§ **TASK INSTRUCTIONS**
In duplicating the lines below, keep every word unchanged and drop the pictures.

§ **DATA PROVIDED**
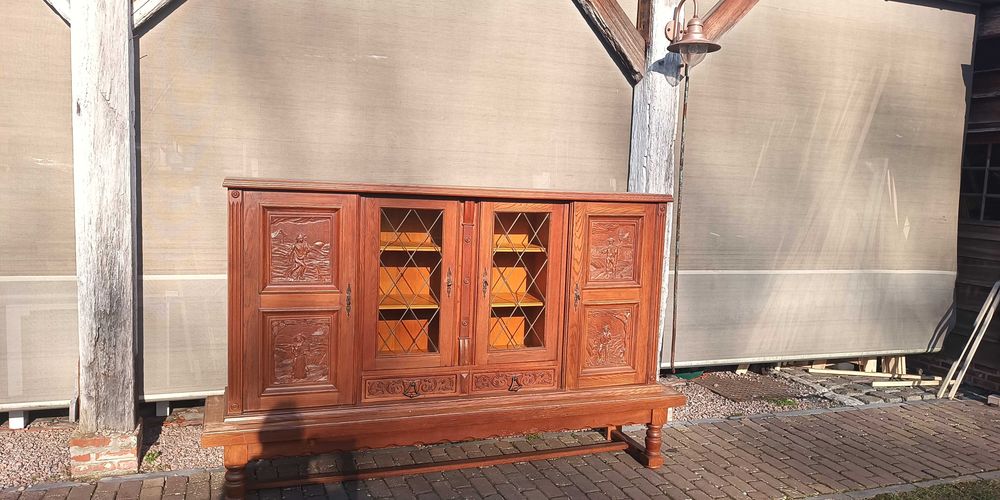 Stylowy drewniany kredens / komoda rzeźbiona – 230 cm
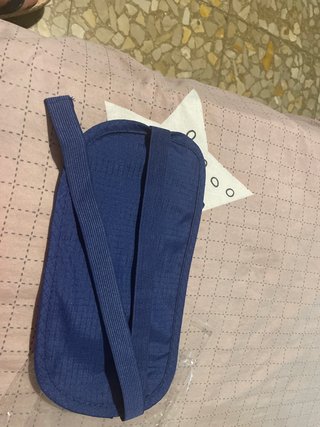 Dos riñoneras nuevas
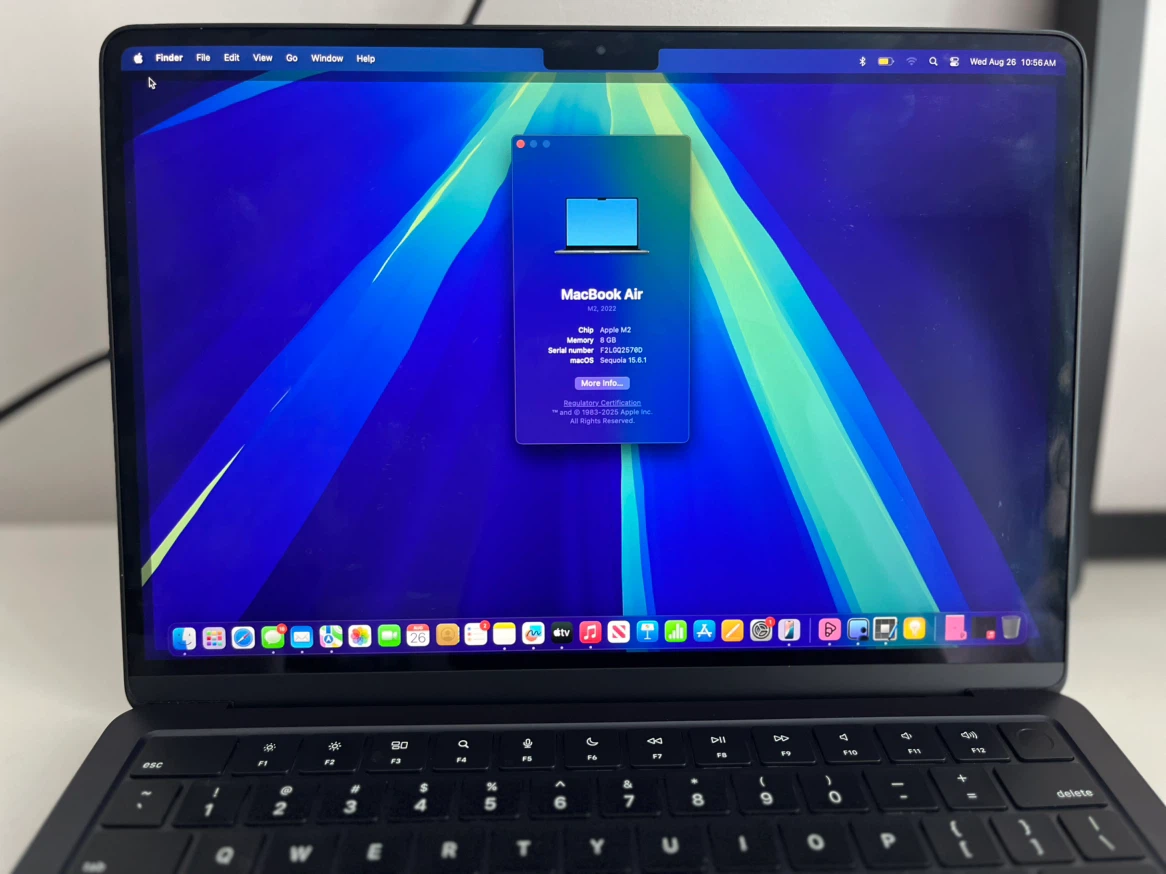 2022 Apple MacBook Air M2 - 8GB / 256GB - Midnight - photo 5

§ **TASK OUTPUT**
 Stylowy drewniany kredens / komoda rzeźbiona – 230 cm
 Dos riñoneras nuevas
 2022 Apple MacBook Air M2 - 8GB / 256GB - Midnight - photo 5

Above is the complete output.